We couldn't find tips from anyone who'd done it. But that's not to say that we lacked suggestions that varied from sensible-sounding to crackpot. After an earful of this, we stopped asking friends, well-wishers and random tradesmen. Instead we plunged right in, so to speak. And it all worked. So if you're frowning at your pool and wondering how to turn it into an ornamental garden or grow vegetables, this page may help a bit.

Here's how the pool looked when we started:

original swimming pool

Obviously no progress could be made with the water there. We bought a $50 sump pump and ran it for a day. Our elegant technical set-up:

sump pump draining pool

Next we ripped out the vinyl pool liner. Most of it was rotten and could be torn off by hand. We'd been warned when we bought the house that the liner needed replacing. Did it ever. The bottom of the pool was sand. So we didn't have to break up a concrete shell for good drainage. So far, all good luck.

An angle-grinder wizard cut down the pool fence for us. The cost: $140. The fence bits were thrown into the pool. Which brings us to the next photo, where you can admire the progress. As you can see, the now-exposed metal sides of the pool weren't in reassuring condition. So what? Soon they'd be out of sight.

pool no liner with fence in bottom

Now we were ready for the heavy lifting. We asked a local earthworks contractor (Nick Kenworthy from Darlington) to check out the Pit of Doom. He suggested starting with a load or two of clean sand. It would filter down through the metal junk at the bottom.
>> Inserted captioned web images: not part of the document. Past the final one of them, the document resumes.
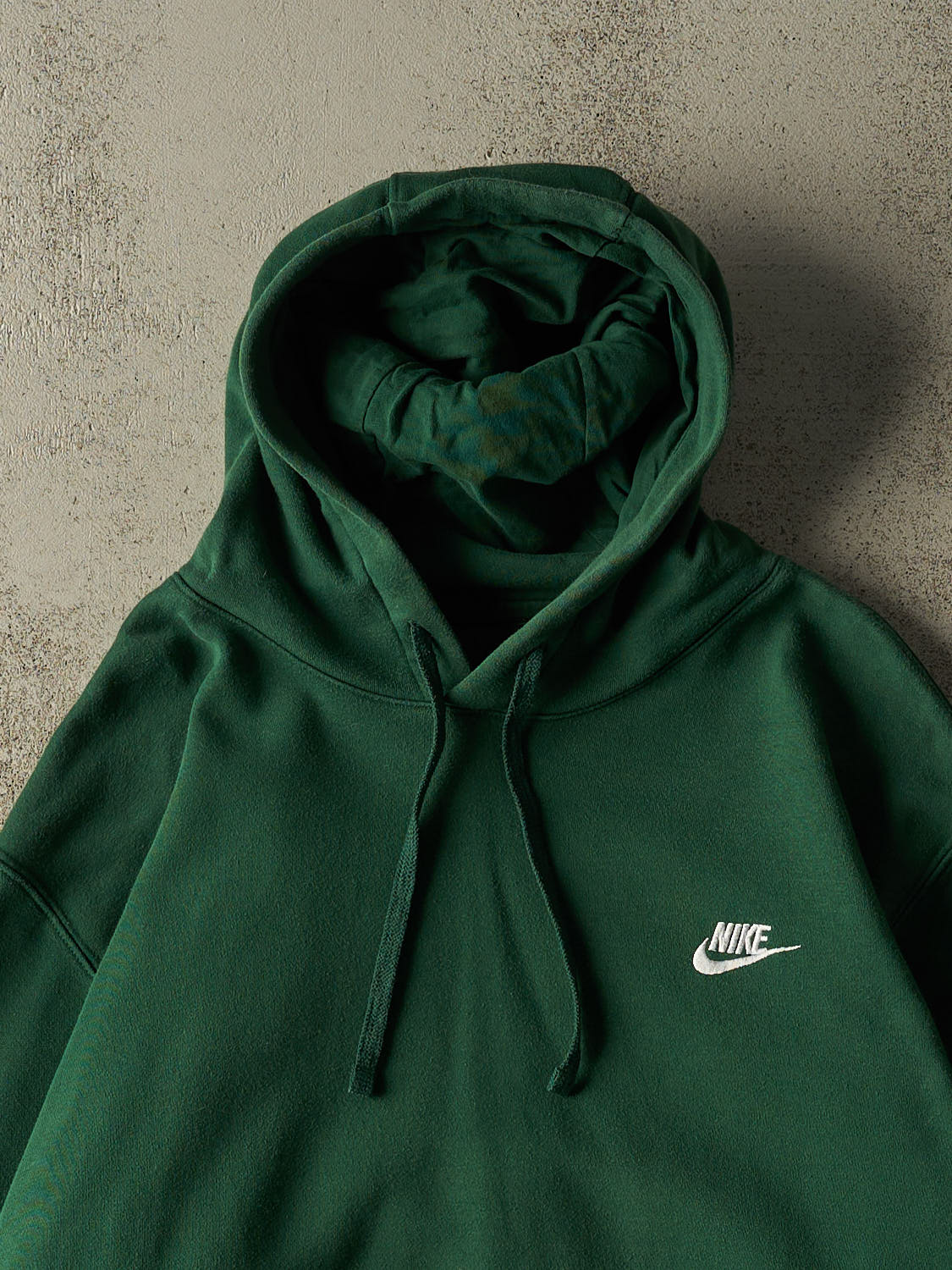 Vintage Y2K Green Nike Embroidered Hoodie (XL/XXL)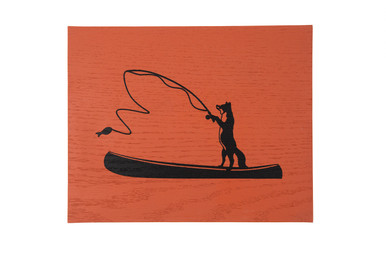 Fishing Fox Painting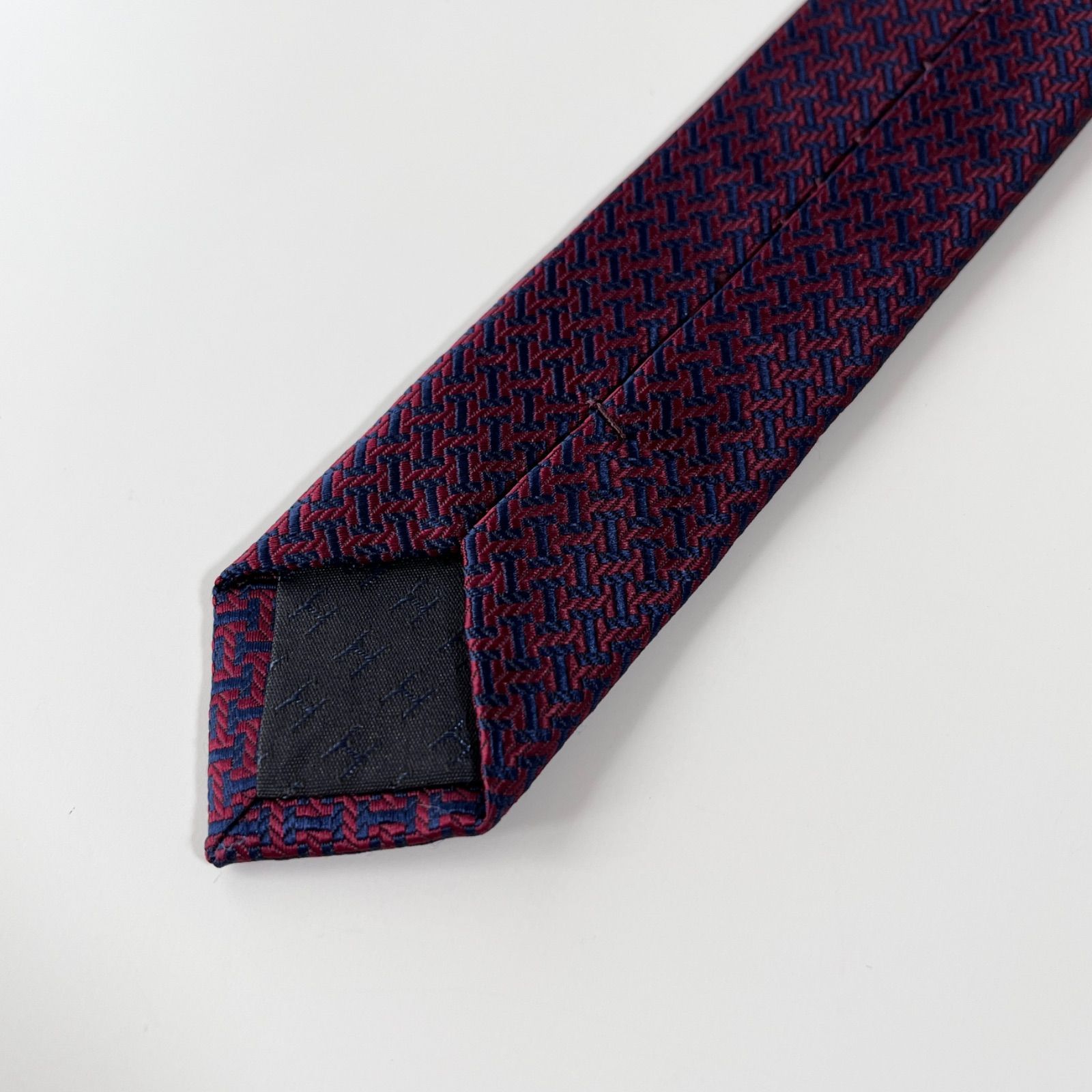 【R Fuku様】エルメス ネクタイ HERMES(エルメス) / ネクタイ/シルク/BLU/総柄/メンズ/H TONNEAU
Here's the first 25-tonne pile of sand. And in case you notice and wonder: we'd heaved some more scrap metal into the pool. It came from a sorry-looking shed that we'd also taken down.
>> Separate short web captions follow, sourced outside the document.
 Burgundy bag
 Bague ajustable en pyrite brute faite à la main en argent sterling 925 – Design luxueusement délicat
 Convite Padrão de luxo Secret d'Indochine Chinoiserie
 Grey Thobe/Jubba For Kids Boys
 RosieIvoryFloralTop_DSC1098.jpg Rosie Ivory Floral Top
sand dumped into empty swimming pool

Elementary calculations from the volume of the pool convinced us we'd need about 100 tonnes of fill. But instead of rashly assuming things would work out as expected, we started with 75 tonnes. In the next photo there are two loads of sand (50 tonnes) and behind that, Nick is tipping 25 tonnes of builder's fill that he offered us free.
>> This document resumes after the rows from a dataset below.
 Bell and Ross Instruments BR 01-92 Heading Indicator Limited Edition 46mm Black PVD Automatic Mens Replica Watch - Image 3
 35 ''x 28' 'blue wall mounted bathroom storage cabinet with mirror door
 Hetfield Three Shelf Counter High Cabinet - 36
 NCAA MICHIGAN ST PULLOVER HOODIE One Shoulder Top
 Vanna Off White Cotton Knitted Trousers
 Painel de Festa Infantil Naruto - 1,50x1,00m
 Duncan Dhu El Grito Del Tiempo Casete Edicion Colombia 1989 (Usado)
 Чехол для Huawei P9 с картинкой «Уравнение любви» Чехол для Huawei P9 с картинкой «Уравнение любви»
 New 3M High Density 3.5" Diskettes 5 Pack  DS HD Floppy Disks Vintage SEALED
sand and builders fill to go into pool

Here's Nick in his bobcat, shoving in the 75-tonne mixture...

bobcat starting to fill pool

And on the pool deck, tidying up the sides.

bobcat working filling swimming pool 

The 75 tonnes weren't enough, as the next photo makes plain. We weren't surprised. Another 25 tonnes looked about right, which was what we'd calculated at the start.

bobcat in swimming pool filling it in 

Nick tipped in the last 25 tonnes. Another load of builder's fill. It was smoothed out and that was the end of the heavy work. You can see the result in the final photo.

Our next step will be the lighter job of spreading rich earth on top and starting a garden.

The cost, including cutting down the fence, sand, and bobcat time, was $1020. Bear in mind that half of the 100 tonnes of fill was free, because Nick was glad to get rid of it.